The City of Nelson was notably absent from an announcement last week about provincial funding for a regional composting system for the Regional District of Central Kootenay and Regional District of Kootenay Boundary.
But that doesn’t mean the city’s residents won’t soon be able to dispose of their organic waste.
Climate and energy manager Carmen Proctor explains that city council has approved a different organics diversion program that will see households issued with a pre-treatment appliance.
“Food waste will actually go through a pre-treatment that transforms scraps into odorless and sterile soil amendment that can be used to enhance people’s gardens or will eventually become part of the city’s collection services,” she says.

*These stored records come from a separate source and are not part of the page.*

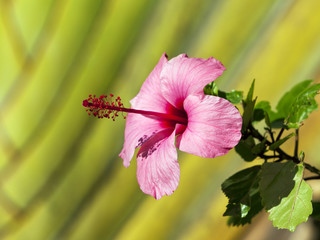 Pink Hibiscus blossom
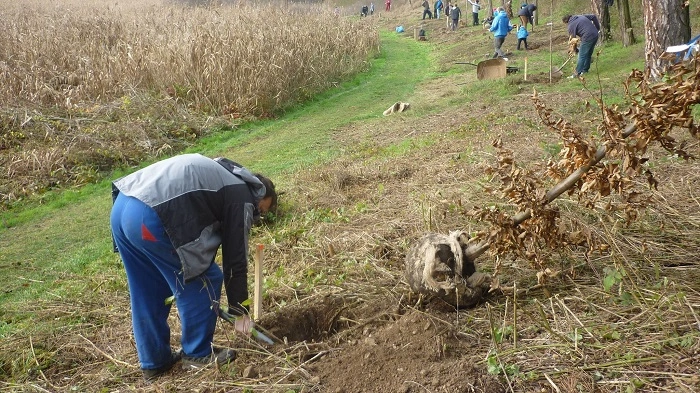 CITO Dřevčice – výsadba mladých stromků podél cesty do lomu během pravidelného CITO eventu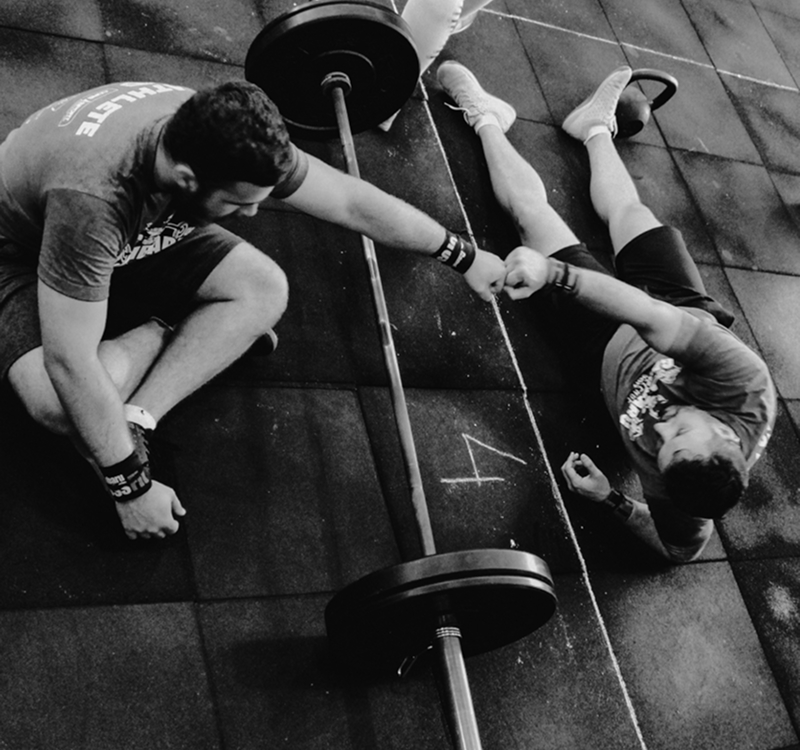 Training Process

“Instead of putting food scraps into waste stream, you will put it into a holding container and then into an appliance, which will mash and dehydrate the food waste and it will become a very light end product.”

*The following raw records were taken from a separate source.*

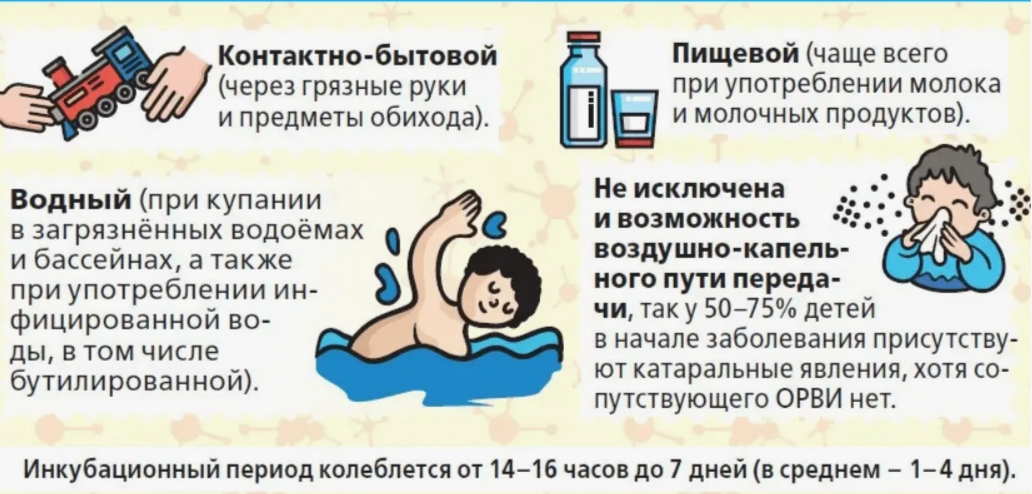 Способы заражения ротавирусной инфекцией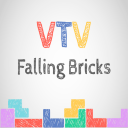 VTV - Falling Bricks Icon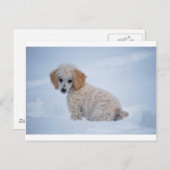 Wertvoller Welpe im Schnee Postkarte (Vorne/Hinten)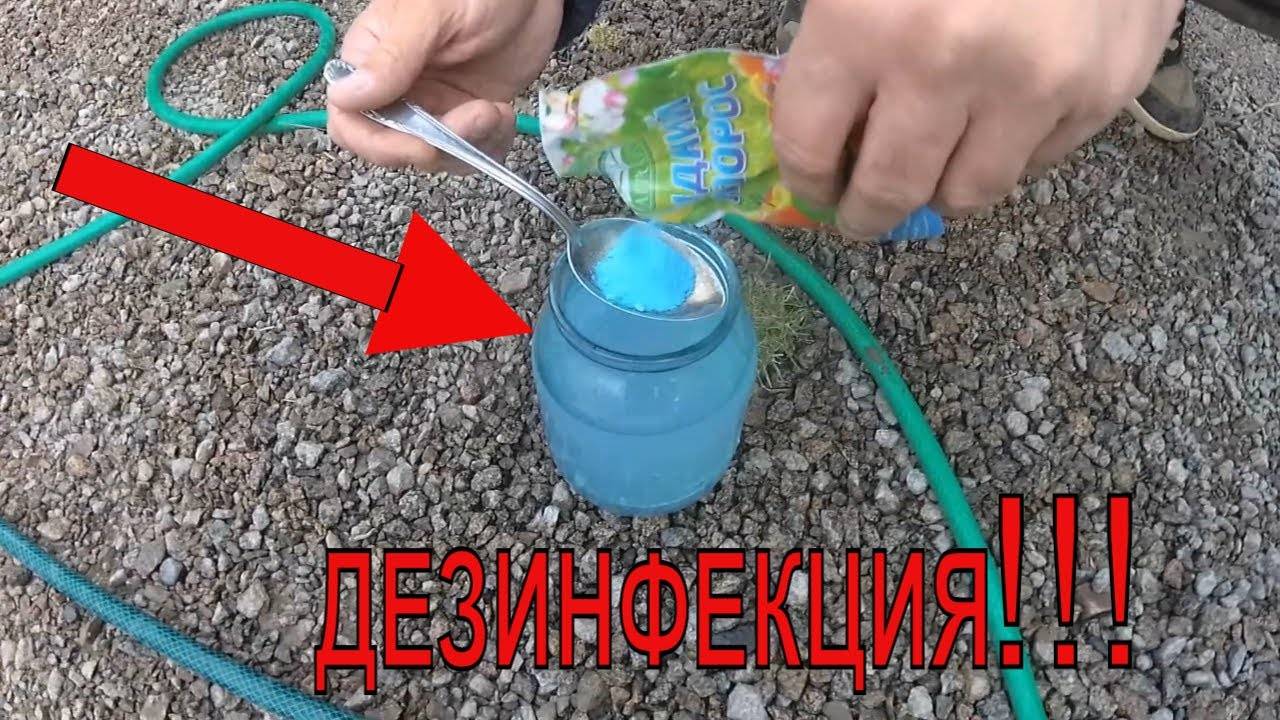 Медный купорос: применение в садоводстве и на огороде от болезней, правила обработки растений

Proctor says reducing the weight and volume of composted material means it can be stored much longer than untreated compost and pickup can be less frequent. The program is intended to help to reduce the city’s greenhouse gas emissions as part of is new climate action plan.

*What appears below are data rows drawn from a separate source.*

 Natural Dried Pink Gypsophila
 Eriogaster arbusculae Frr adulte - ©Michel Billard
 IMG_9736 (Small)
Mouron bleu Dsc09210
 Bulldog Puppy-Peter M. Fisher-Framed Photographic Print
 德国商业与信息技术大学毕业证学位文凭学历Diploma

“This saves a lot of emissions in the hauling of the product to a facility. There are also a lot of concerns from residents around pests and animals, such as bears. Food waste has an odor that will attract animals, but the advantage of pre-treatment is the end product doesn’t have the same odor.”
The appliances are expected to be rolled out in phases beginning in 2022.
It follows a pilot project that Nelson did with a company called FoodCycler. Proctor says the results showed users were very satisfied with this method of organic diversion.
She adds that the city is studying whether there could be agricultural uses for the end product.